Iterations: 1,000 | Avg Time: 4.273 micros | Min Time: 3.396 micros | Max Time: 94.648 micros | 75% = [avg: 3.905 micros, max: 4.126 micros] | 90% = [avg: 3.987 micros, max: 4.501 micros] | 99% = [avg: 4.066 micros, max: 6.042 micros] | 99.9% = [avg: 4.182 micros, max: 21.433 micros] | 99.99% = [avg: 4.272 micros, max: 94.648 micros] | 99.999% = [avg: 4.272 micros, max: 94.648 micros]

Zing ReadyNow without warm-up

Iterations: 1,000 | Avg Time: 29.47 micros | Min Time: 18.966 micros | Max Time: 279.449 micros | 75% = [avg: 24.666 micros, max: 32.724 micros] | 90% = [avg: 26.66 micros, max: 42.978 micros] | 99% = [avg: 28.679 micros, max: 71.379 micros] | 99.9% = [avg: 29.219 micros, max: 141.065 micros] | 99.99% = [avg: 29.469 micros, max: 279.449 micros] | 99.999% = [avg: 29.469 micros, max: 279.449 micros]

As you can see from the latency numbers above, by using ReadyNow we were able to obtain a 50% improvement in performance without warm-up (average 29.470 micros over average 55.314 micros). We were also able to limit the outliers above the 99.9 percentile (max 141.065 micros over max 2.563 millis) before warming up. After warming up, the results with ReadyNow were similar to the results without ReadyNow (average 4.273 micros over average 4.175 micros and min 3.396 micros over min 3.317 micros).

Project Leyden from Oracle

At the time of this article (Nov/2024) Project Leyden from Oracle is fairly new (May/2022) but it has been making some great progress in the Java warm-up area. Our opinion, based on our own experiments with CoralSequencer and GraalVM, is that AOT is not as fast as JIT (after the code has warmed up) so real-time and past-time (archived) profiling information becomes crucial for achieving AOT + JIT maximum performance together with minimum time-to-peak (i.e. quick warm-up). It is important to emphasize that this AOT x JIT conclusion is targeted to CoralSequencer in particular and cannot be generalized for every application as it will depend heavily on the characteristics of the source code and its critical path. Also it is important to clarify that by fast we mean the ability to accomplish the lowest possible latency for the critical path. We are not referring to throughput, JVM start-up time and application start-up time.

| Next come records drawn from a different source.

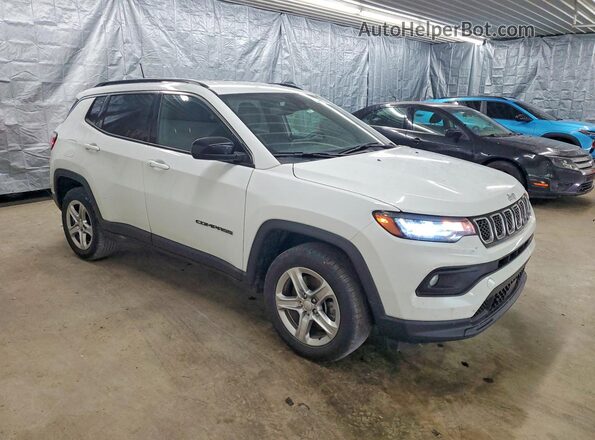 3C4NJDBN2PT515002 2023 JEEP COMPASS Белый Передняя правая четверть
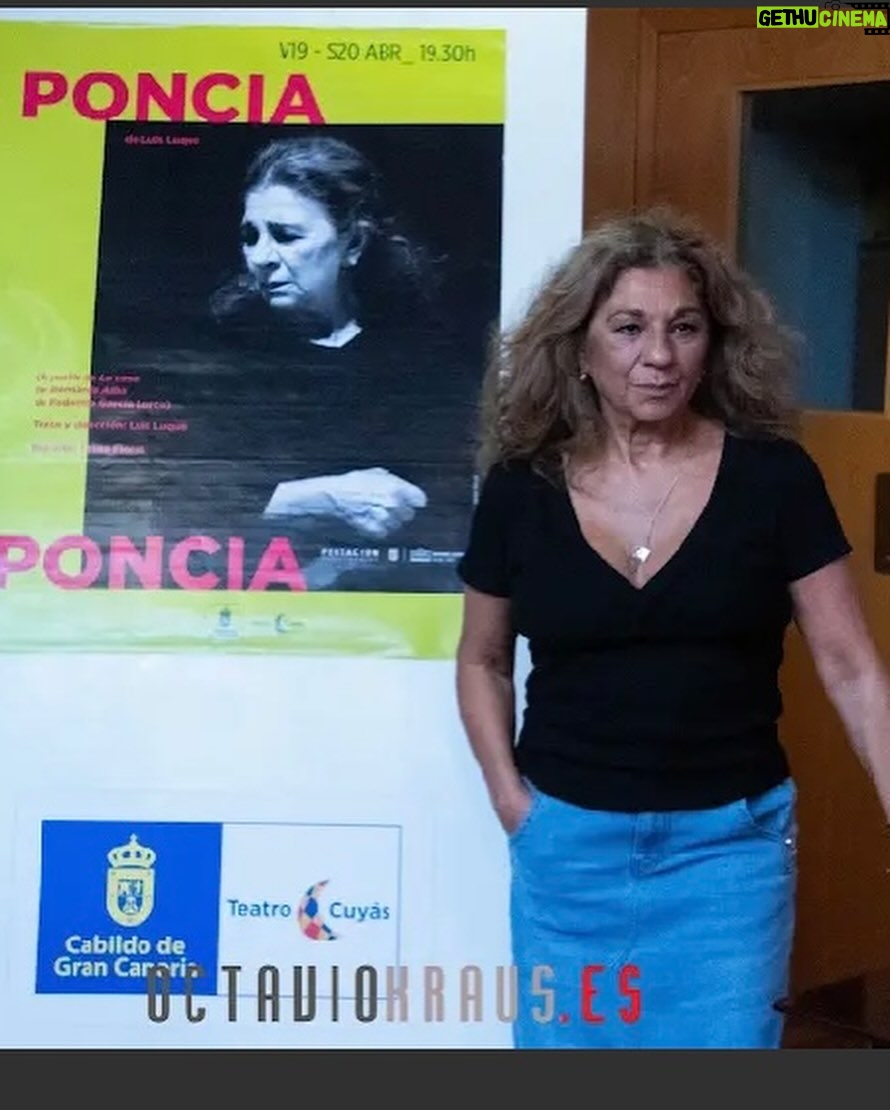 Lolita Instagram - Gracias las palmas , hoy y mañana , poncia , @teatrocuyas de @luisluquecabrera foto de ayer en la rueda de prensa , y después de la obra, @tucaramesuena @gestmusic @antena3com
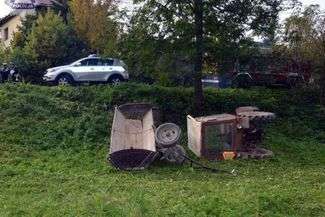 "Pożyczył" ciągnik i wpadł do rowu. Pasażerka złamała obojczyk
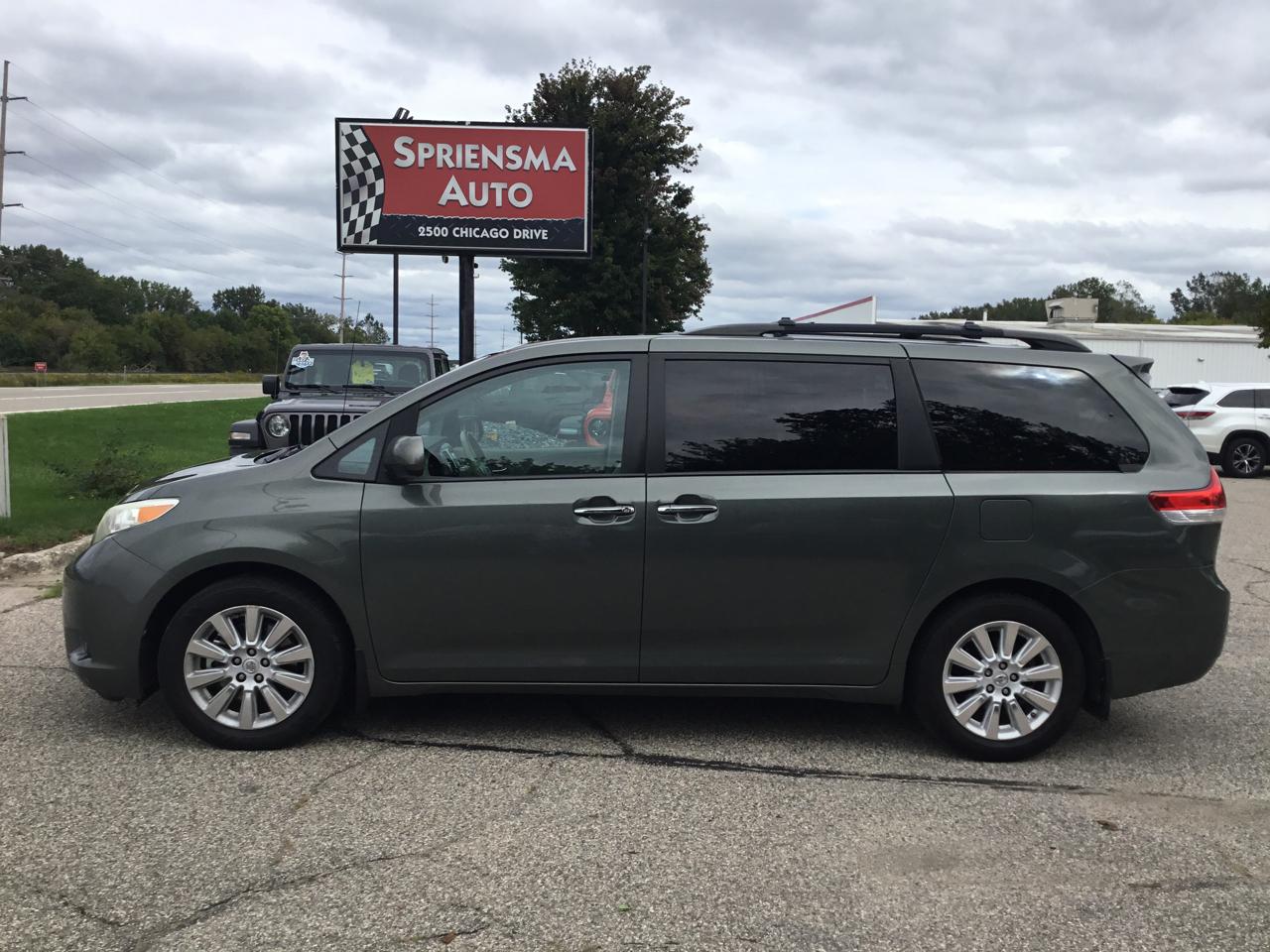 Toyota Sienna 5dr 7-Pass Van V6 XLE AWD (Natl) 2013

That said, we are particularly excited about the following JEPs:

  • JEP draft 8325147: Ahead-of-Time Method Profiling => Method profiles from training runs are stored in the CDS archive, thereby enabling the JIT to begin compiling earlier during warmup. As a result, Java applications can reach peak performance faster. This feature is enabled by the VM flags -XX:+RecordTraining and -XX:+ReplayTraining.
  • JEP draft 8335368: Ahead-of-Time Code Compilation => Methods that are frequently used during the training run can be compiled and stored along with the CDS archive. As a result, as soon as the application starts up in the production run, its methods can be can be natively executed. This feature is enabled by the VM flags -XX:+StoreCachedCode, -XX:+LoadCachedCode, and -XX:CachedCodeFile.

We are currently working to be able to test CoralSequencer with the early-access builds of Project Leyden and we’ll report our findings soon.